*** Exercise materials

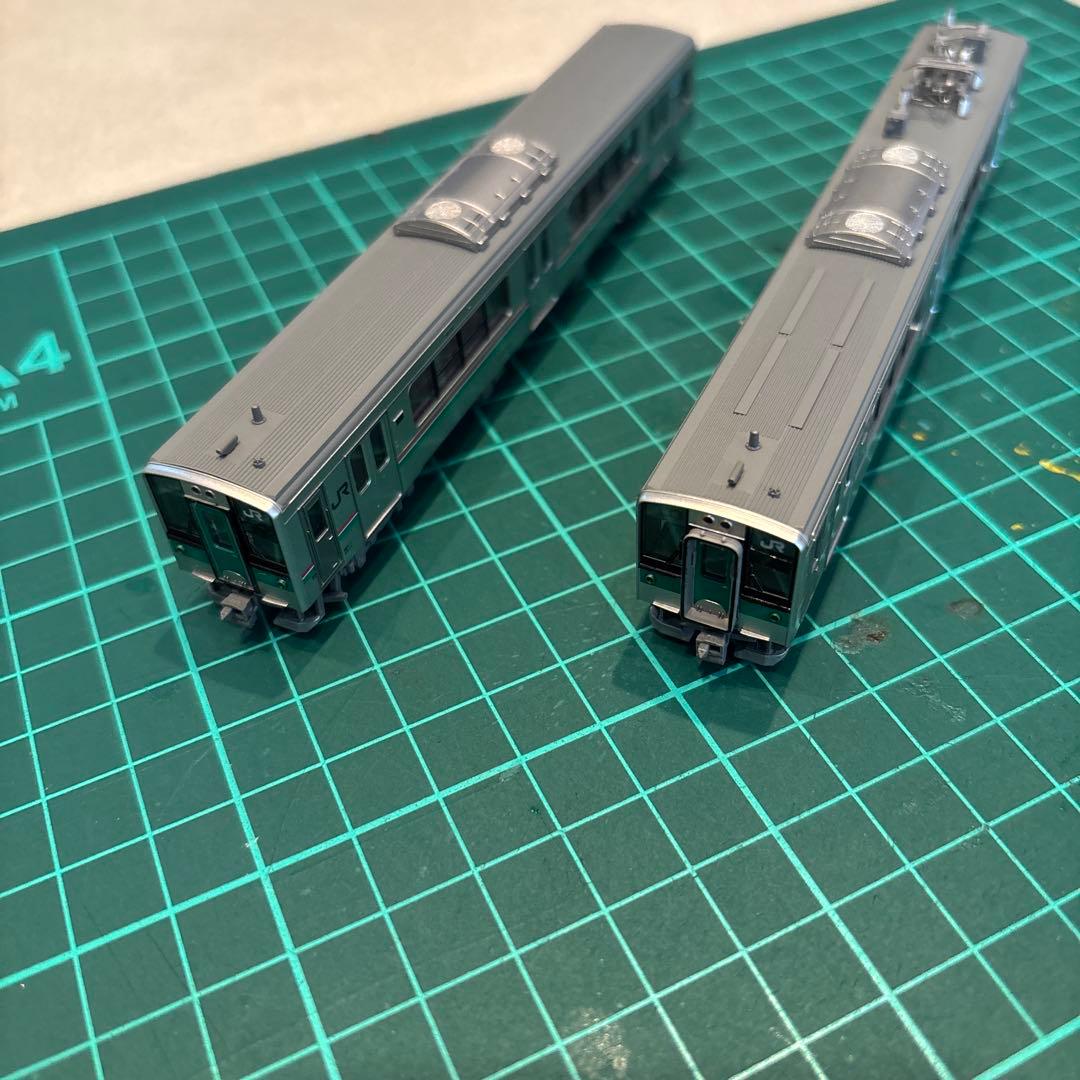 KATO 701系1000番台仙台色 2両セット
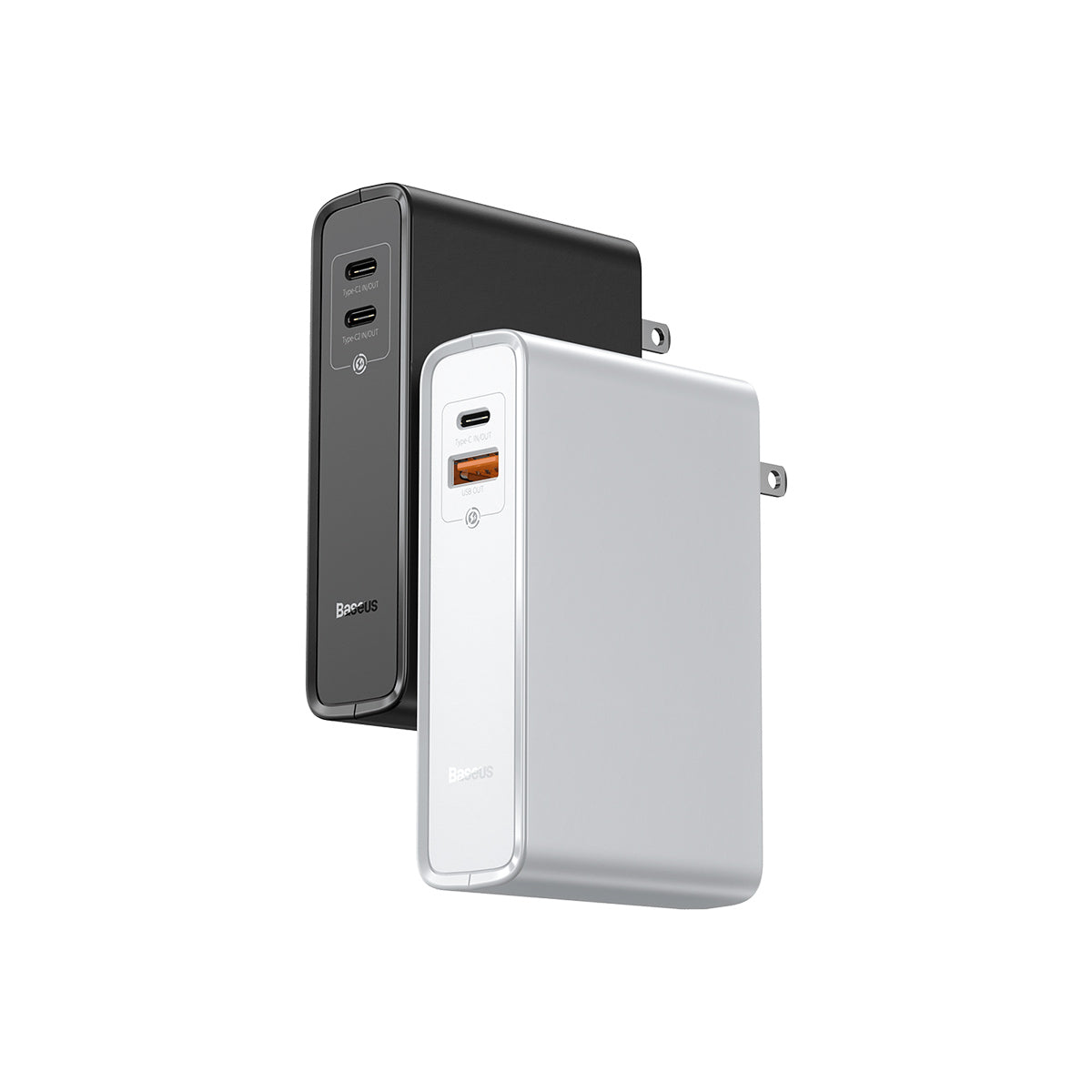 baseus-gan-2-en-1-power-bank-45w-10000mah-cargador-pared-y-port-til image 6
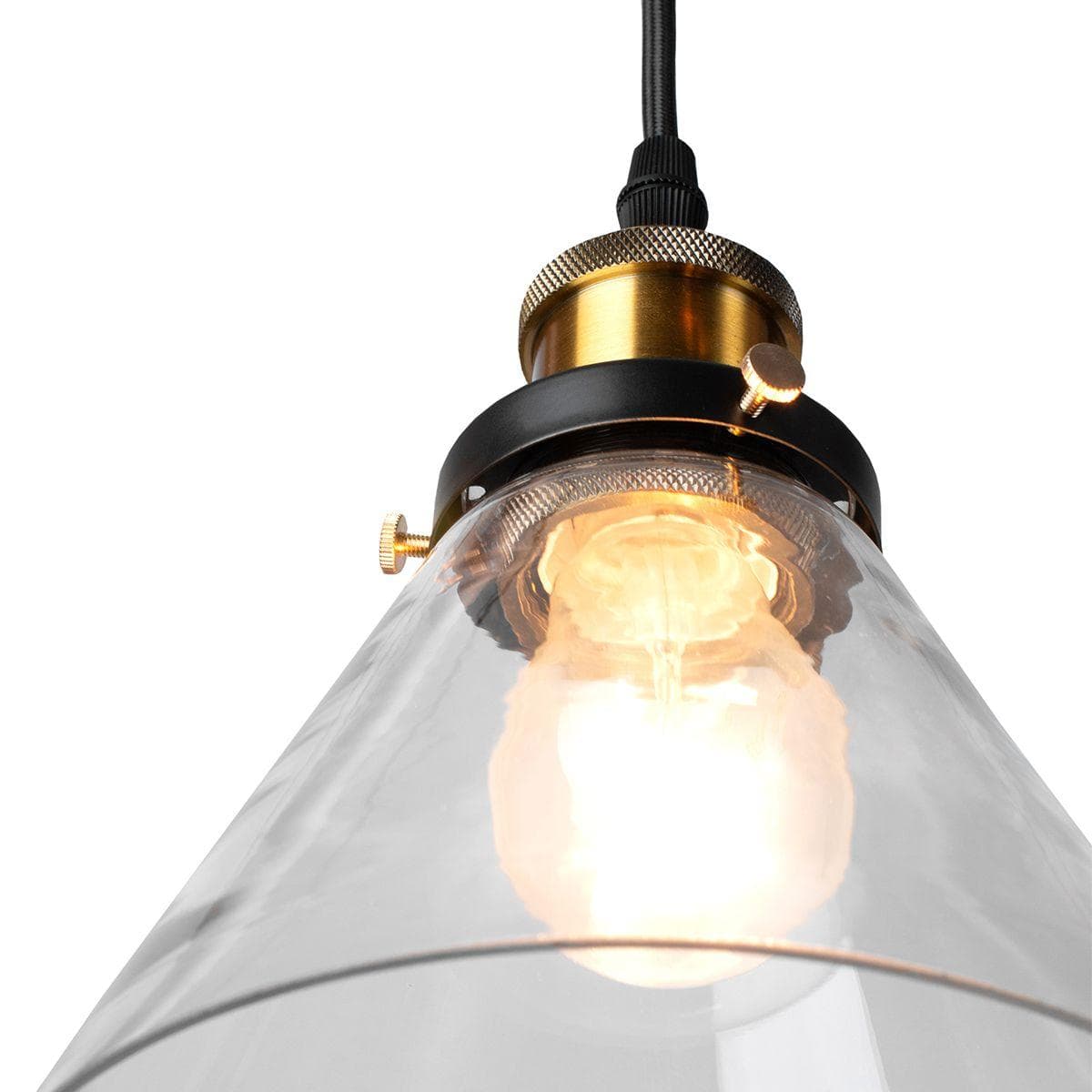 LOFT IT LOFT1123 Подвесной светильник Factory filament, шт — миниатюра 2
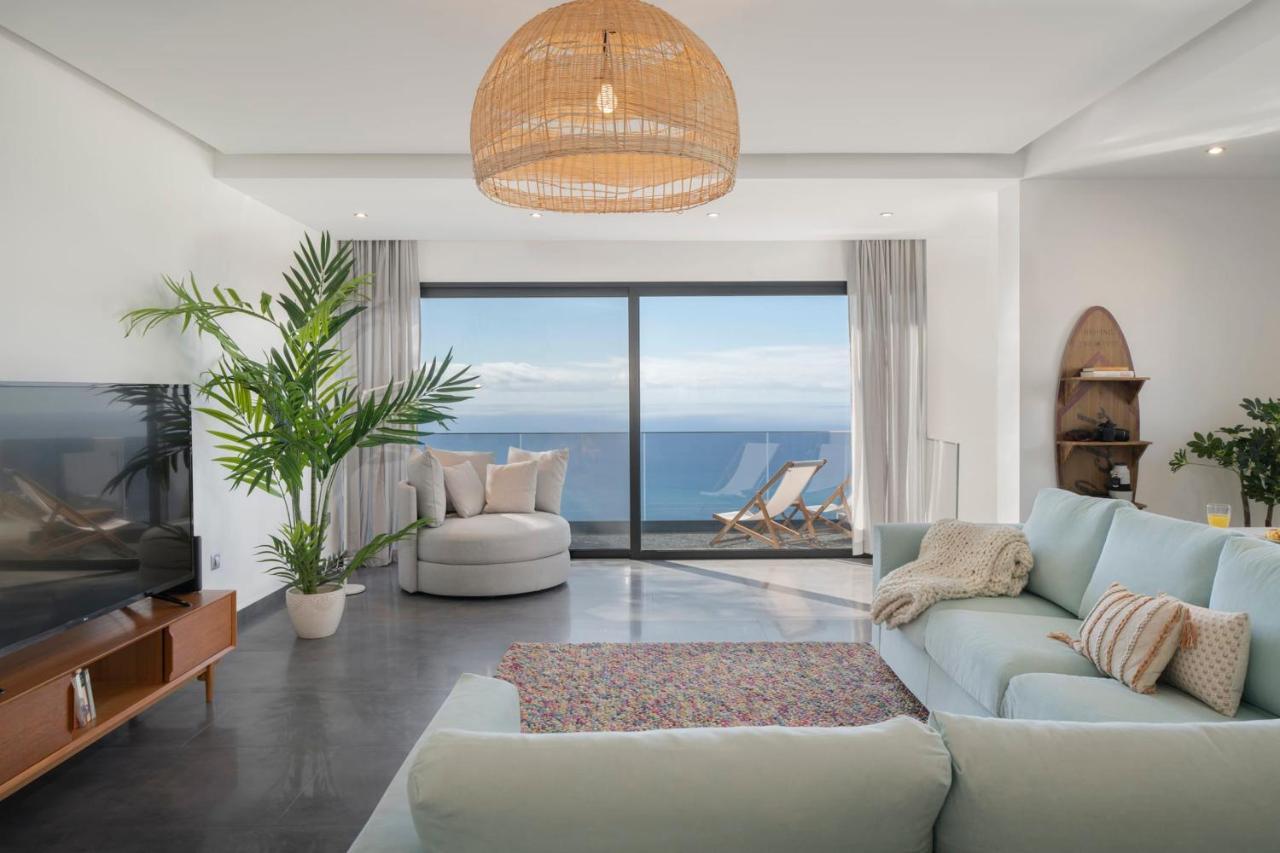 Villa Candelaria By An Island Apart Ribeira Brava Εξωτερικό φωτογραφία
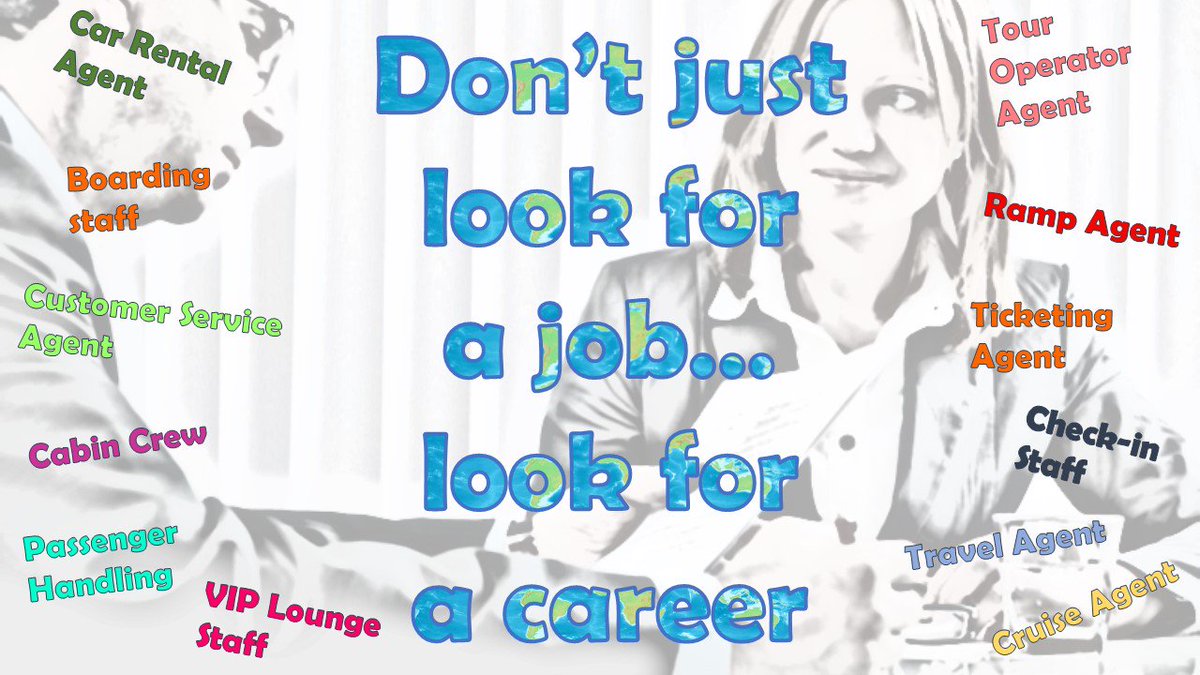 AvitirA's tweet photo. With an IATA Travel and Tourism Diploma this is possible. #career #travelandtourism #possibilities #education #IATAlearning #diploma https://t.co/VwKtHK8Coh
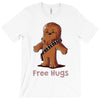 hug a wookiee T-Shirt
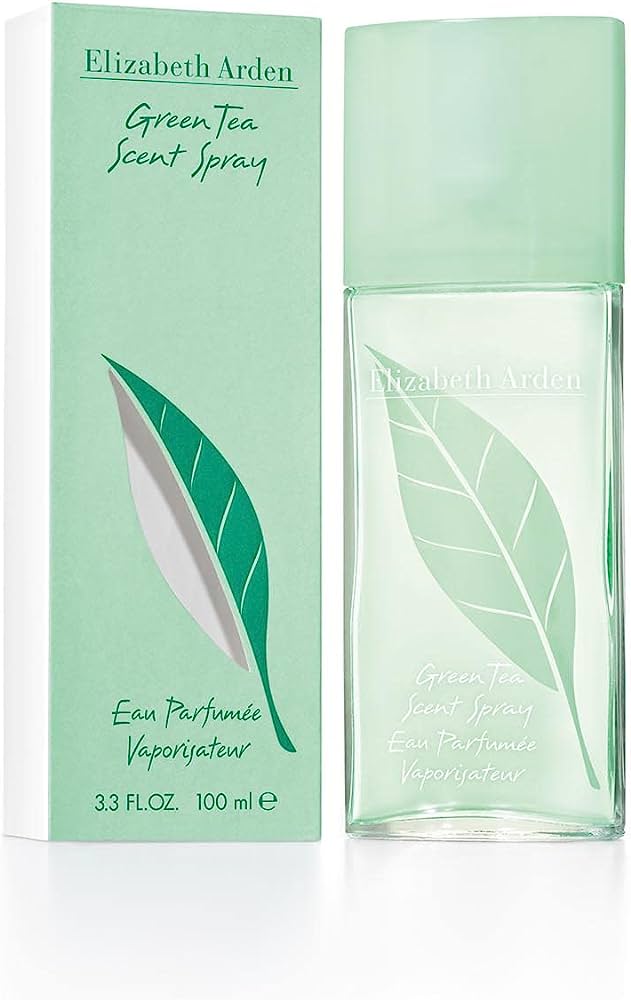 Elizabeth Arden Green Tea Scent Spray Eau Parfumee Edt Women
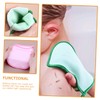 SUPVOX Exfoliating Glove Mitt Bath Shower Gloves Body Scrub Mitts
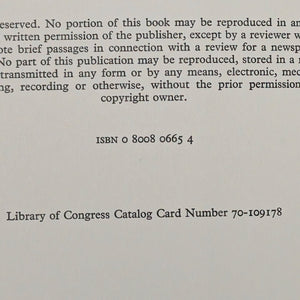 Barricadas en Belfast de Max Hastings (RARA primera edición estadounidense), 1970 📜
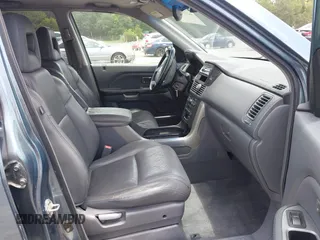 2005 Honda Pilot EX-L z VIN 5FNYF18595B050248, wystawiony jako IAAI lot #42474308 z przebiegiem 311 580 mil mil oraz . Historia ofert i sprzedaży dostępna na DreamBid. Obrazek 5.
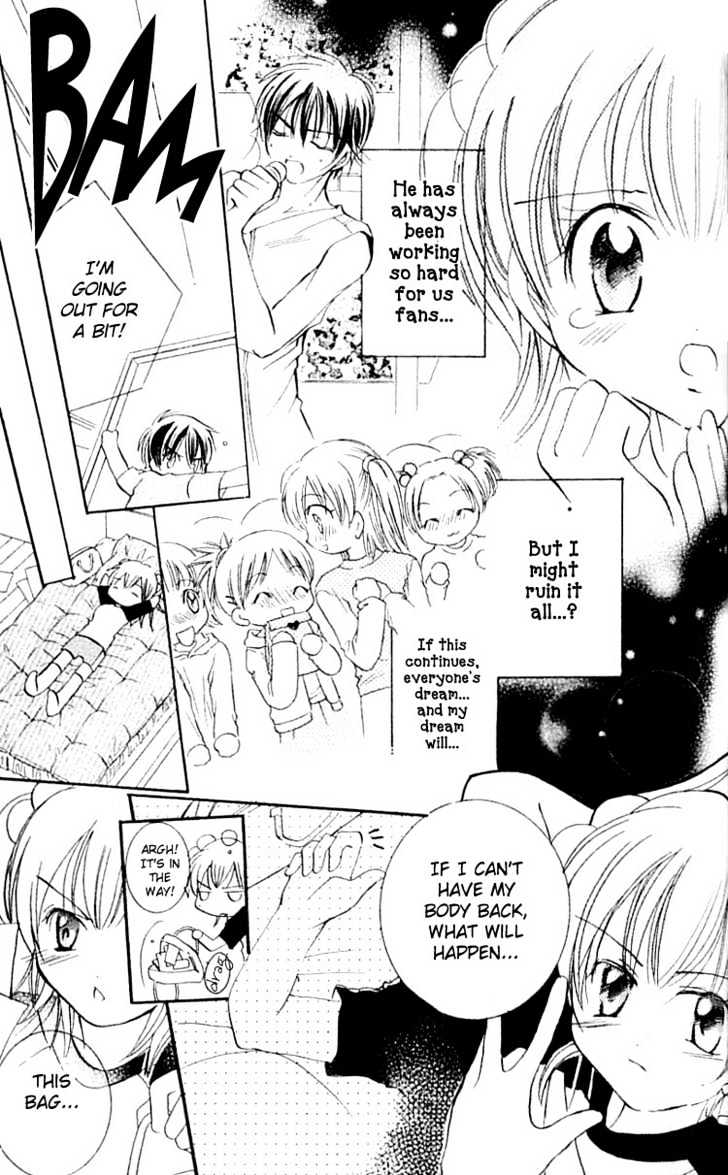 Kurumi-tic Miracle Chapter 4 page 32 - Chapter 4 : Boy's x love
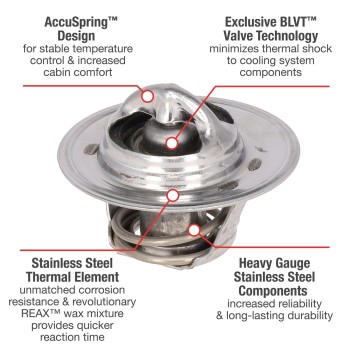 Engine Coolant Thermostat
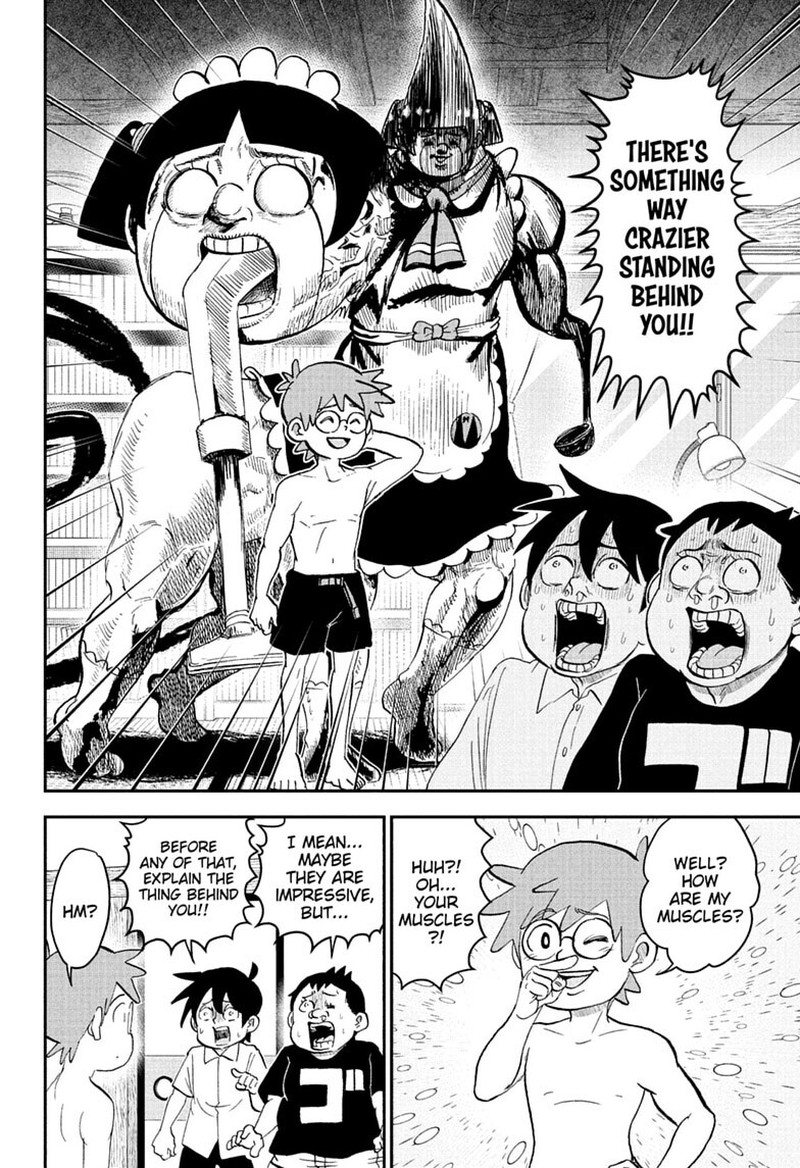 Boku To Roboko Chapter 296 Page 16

******

__Task to carry out__:
Restate word for word the lines running from the one with "hug a wookiee T-Shirt" to the end of the entries; pictures are to be left out.

__Response to the exercise__:
 hug a wookiee T-Shirt
 Elizabeth Arden Green Tea Scent Spray Eau Parfumee Edt Women
 SUPVOX Exfoliating Glove Mitt Bath Shower Gloves Body Scrub Mitts
 Barricadas en Belfast de Max Hastings (RARA primera edición estadounidense), 1970 📜
 2005 Honda Pilot EX-L z VIN 5FNYF18595B050248, wystawiony jako IAAI lot #42474308 z przebiegiem 311 580 mil mil oraz . Historia ofert i sprzedaży dostępna na DreamBid. Obrazek 5.
 Kurumi-tic Miracle Chapter 4 page 32 - Chapter 4 : Boy's x love
 Engine Coolant Thermostat
 Boku To Roboko Chapter 296 Page 16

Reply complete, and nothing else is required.